Papa John’s Stops Bleeding as Sales Fall Less Under New Chairman
(Bloomberg) -- Papa John’s International Inc.’s sales topped analyst estimates, indicating the pizza seller is getting its mojo back under new management. The stock rose in extended trading.
- Comparable sales in North America fell 6.9 percent last quarter, beating projections for a 7.3 percent fall and slowing the recent pace of declines. The results are the first under new chairman Jeffrey Smith.
- The chain is pushing to bolster its advertising, and in March brought in a new global marketing head from Subway Restaurants. Papa John’s also recently enlisted NBA legend Shaquille O’Neal as a brand ambassador, director and investor. “Substantial, positive change takes time and effort,” Chief Steve Ritchie said.
- Since February, activist shareholder Starboard Value has invested $250 million in Papa John’s and named Smith, Starboard’s chief executive officer, as chairman of the pizza maker.

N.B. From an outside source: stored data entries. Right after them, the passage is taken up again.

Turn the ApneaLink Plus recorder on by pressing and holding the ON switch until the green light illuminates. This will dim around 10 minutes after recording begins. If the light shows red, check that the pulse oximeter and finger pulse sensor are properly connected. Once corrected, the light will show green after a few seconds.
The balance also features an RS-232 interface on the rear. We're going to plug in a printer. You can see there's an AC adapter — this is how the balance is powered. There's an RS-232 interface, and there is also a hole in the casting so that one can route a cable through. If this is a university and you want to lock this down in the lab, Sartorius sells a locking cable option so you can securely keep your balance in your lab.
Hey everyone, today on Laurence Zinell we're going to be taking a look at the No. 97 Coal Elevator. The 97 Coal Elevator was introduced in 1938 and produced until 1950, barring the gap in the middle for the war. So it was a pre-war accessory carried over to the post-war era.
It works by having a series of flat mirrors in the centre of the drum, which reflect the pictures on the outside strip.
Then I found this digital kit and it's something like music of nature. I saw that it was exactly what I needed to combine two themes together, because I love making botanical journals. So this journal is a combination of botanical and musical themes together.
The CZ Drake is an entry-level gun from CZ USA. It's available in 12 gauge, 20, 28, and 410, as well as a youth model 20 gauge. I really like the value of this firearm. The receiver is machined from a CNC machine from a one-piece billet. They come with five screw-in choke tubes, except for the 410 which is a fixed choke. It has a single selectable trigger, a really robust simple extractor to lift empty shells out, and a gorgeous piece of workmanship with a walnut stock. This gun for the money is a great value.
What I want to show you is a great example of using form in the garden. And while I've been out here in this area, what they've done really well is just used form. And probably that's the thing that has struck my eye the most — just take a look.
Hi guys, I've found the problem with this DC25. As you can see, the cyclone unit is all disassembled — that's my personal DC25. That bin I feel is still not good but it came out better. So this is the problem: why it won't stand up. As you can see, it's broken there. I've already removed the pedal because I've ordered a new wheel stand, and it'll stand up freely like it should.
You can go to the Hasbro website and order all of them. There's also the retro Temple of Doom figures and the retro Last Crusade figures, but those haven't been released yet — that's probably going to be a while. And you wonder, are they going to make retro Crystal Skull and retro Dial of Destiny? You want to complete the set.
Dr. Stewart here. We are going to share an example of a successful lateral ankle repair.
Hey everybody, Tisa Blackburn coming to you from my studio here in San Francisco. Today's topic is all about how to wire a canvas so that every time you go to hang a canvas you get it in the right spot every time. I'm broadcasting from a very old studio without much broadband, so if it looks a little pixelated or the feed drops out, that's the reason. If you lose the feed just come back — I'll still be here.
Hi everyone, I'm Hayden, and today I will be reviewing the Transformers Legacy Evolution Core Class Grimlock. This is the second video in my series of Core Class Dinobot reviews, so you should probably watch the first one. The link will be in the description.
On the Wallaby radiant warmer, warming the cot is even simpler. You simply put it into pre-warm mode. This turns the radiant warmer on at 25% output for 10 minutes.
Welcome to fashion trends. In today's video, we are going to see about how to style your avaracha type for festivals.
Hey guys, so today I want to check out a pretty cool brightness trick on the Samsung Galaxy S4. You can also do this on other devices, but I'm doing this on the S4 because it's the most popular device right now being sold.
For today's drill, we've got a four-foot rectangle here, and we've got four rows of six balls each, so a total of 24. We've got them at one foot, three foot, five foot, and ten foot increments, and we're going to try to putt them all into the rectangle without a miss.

- The results signal that Papa John’s is moving past the controversy over founder John Schnatter, who used a racial slur on a conference call last year, taking a toll on the company’s value and reputation. Still, the incident isn’t totally behind the company, which disclosed $4.9 million in short-term royalty reductions in the quarter to help keep struggling franchises afloat.
- Separately, the company said Tuesday in an amended annual filing that it found some “material weaknesses’’ in its internal financial reporting controls -- but that it won’t have to restate earnings as a result.
- The shares jumped as much as 8.4 percent in late trading Tuesday. They have gained 29 percent so far this year, recouping last year’s 29 percent loss.